十明、憑依型シンガーの存在感と素朴な温かさ 新たなステップを踏み出した『QUATTRO TOUR』ファイナル

 十明が東名阪のクアトロを巡った『十明 QUATTRO TOUR 2025』、ツアーファイナルの東京・SHIBUYA CLUB QUATTRO公演。そこには、新たなステージへ進もうとする十明の姿があった。アーティストとしての魅力を全開にさせながらも、一人の人間として等身大の姿をさらけ出そうとする彼女の歌声は、かつてなく美しかった。

 バンドがオープニングセッションを繰り広げるなか、ステージに登場した十明は、時を止めるようなブレスと「Discord-disco」の歌い出しで、観客をあっという間に引き込んだ。ライブの前半では、「蜘蛛の糸」「Dancing on the Mirror」などダークでミステリアスな楽曲を中心に披露。十明は歌声はもちろん、身のこなし、衣装のシャツの着崩し方など、身体全体で楽曲の主人公になりきっている。こうして“憑依型シンガー”としての魅力を全開にさせている時の彼女には、往年の歌姫のような存在感、つい目で追ってしまうようなスター性がある。6曲目にデビュー曲「灰かぶり」が披露されたタイミングでその魅力はピークに達し、観客は「フゥ―!」と快哉を叫んだ。

 MCでは、一貫して観客への感謝が語られた。例えば、「こんなにたくさんの人が知ってくれて、曲を聴いてくれて、会いに来てくれてるんだと、入ってきた瞬間にわかって嬉しいです」「やっと目を合わせて話せて、今日は本当に嬉しい日です」など。十明のキャリアは、SNSにアップしていた弾き語り動画が、映画『すずめの戸締まり』の音楽スタッフの目に留まり、オーディションを経て主題歌歌唱アーティストに抜擢されたことから始まっている。長い間、彼女にとってファンはなかなか会えない存在だった。だからこそ、直接対面できる喜びは今も大きいようだ。
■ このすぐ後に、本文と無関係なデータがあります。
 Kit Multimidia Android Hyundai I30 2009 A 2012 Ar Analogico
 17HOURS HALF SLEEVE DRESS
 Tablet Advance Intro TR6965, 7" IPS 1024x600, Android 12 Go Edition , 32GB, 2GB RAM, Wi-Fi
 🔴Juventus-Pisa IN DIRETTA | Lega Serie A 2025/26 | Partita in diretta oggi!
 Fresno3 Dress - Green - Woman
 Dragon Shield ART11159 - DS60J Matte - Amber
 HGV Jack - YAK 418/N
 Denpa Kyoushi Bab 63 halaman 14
 また、ツアー出発前にリリースしたEP『1R+1』や今回のツアーに対する想いも改めて共有された。昨年のアルバム『変身のレシピ』とは違い、『1R+1』には十明のプライベートな気持ちを乗せた曲も多い。その根底には、“何かになりきっている私”ではなく、“普通に生活している普段の私”を見てほしいという想いがあるという。
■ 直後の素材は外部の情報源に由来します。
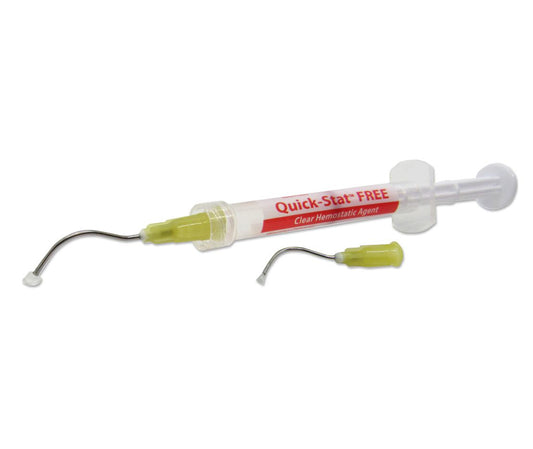 Quick-Stat™ FREE Aluminum Chloride Hemostatic Agent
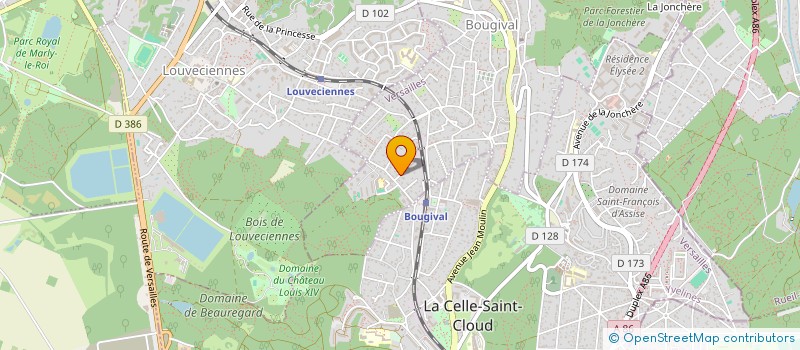 localisation de l'entreprise MEDIA VISUAL à SURESNES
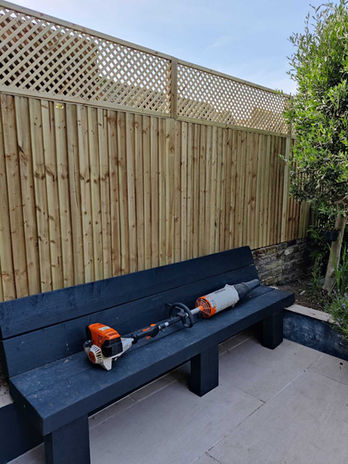Garden fence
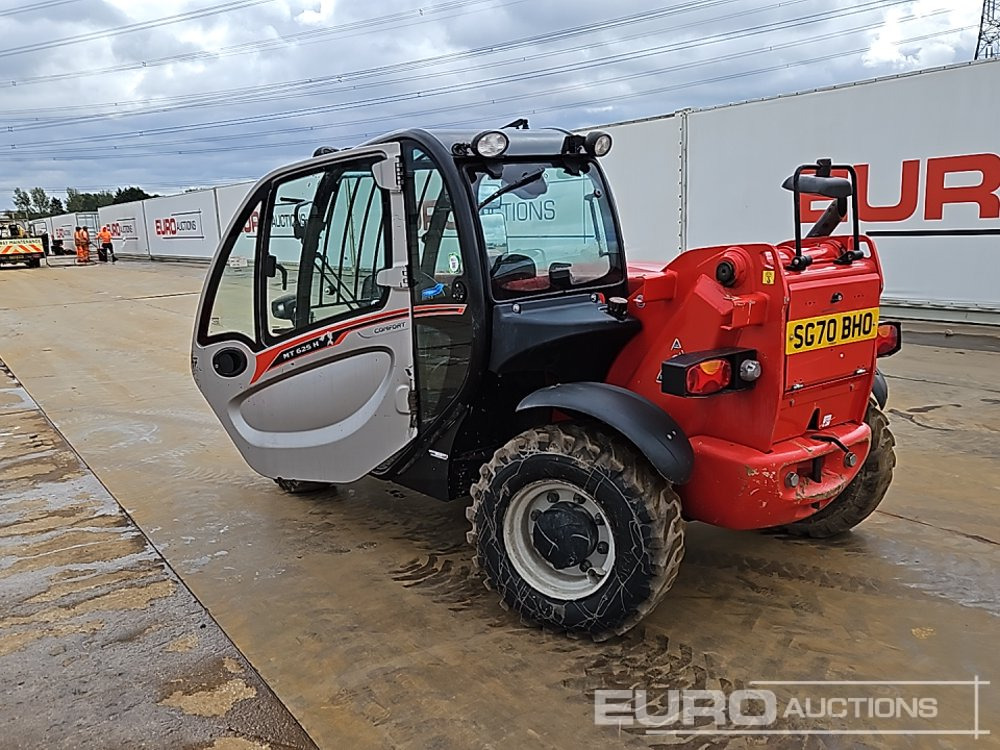 2020 Manitou MT625 - Teleskopik yükleyici: fotoğraf 3 2020 Manitou MT625 - Teleskopik yükleyici: fotoğraf 3
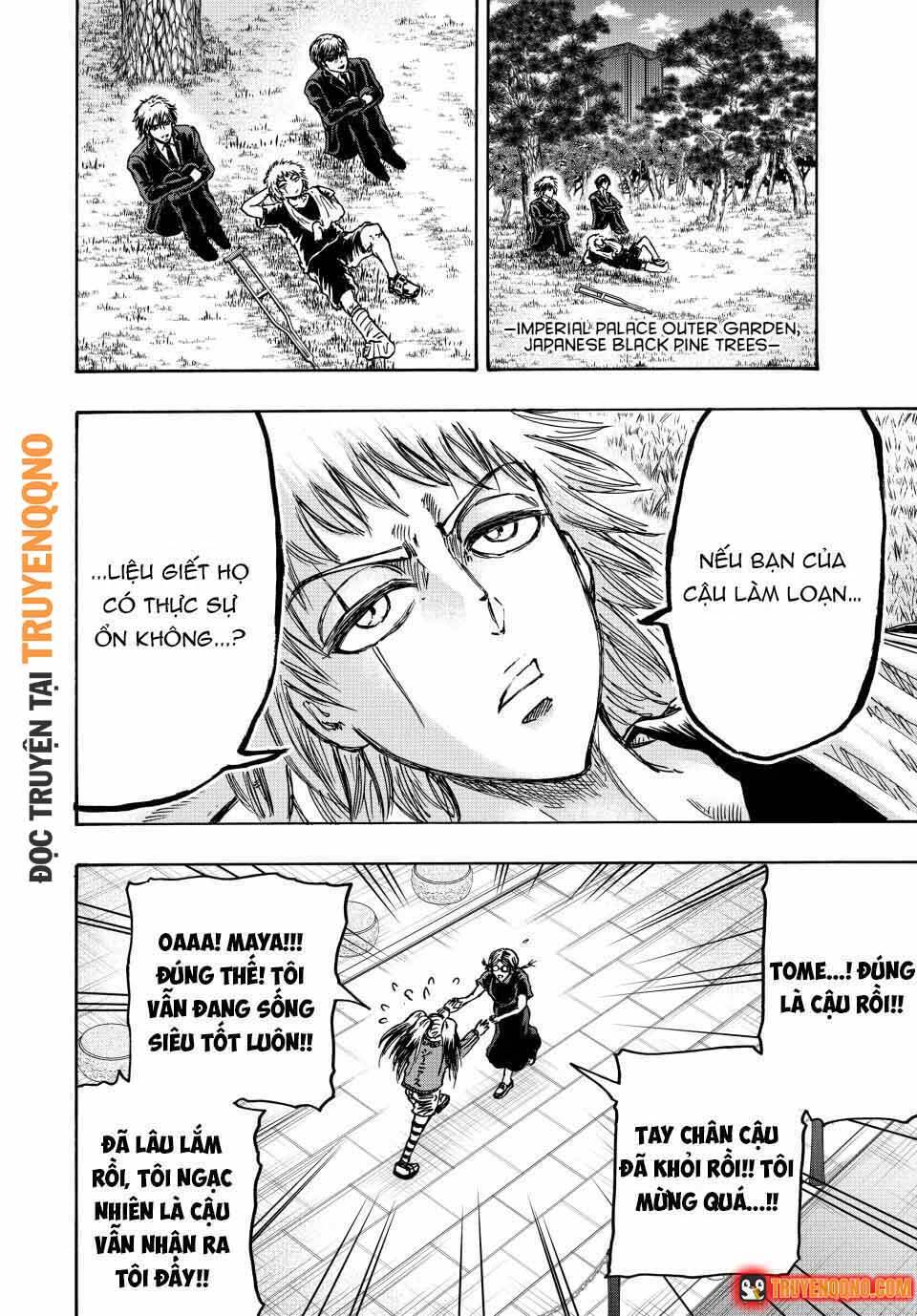 Ninja Và Yakuza Chapter 124 - 15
 「私という人間を少しでもお伝えできるライブにできたら」と語った十明。そしてライブの後半から『1R+1』収録曲が登場。特に「ねばーえばーらんど」と「月並」は彼女の弾き語りを主軸としたアレンジが施され、“素の私を届けたい”という想いが明確に表現された。

 各曲に添えられた言葉も印象的だった。「ねばーえばーらんど」の前には、鬱病になってしまった友人を思いながら制作したことが明かされ、「苦しいところも共有できたら、みんなと少しでも繋がれたらと思って作りました」と語られた。「月並」では、「みんな、恋愛してますか?」と観客に問いかけたあと、「夜、歩いている時に“なんでこんなに星や月が綺麗なのに、一人ぼっちなんだろう?"と感じることがあって」と自身の想いを打ち明けた。こうした率直な言葉と素朴で温かいアレンジ、十明の純度高い歌声が相まって、会場には親密な温度感が生まれた。両曲を歌い終えたあと、「ちょっと緊張しちゃった」と微笑む姿も印象的だった。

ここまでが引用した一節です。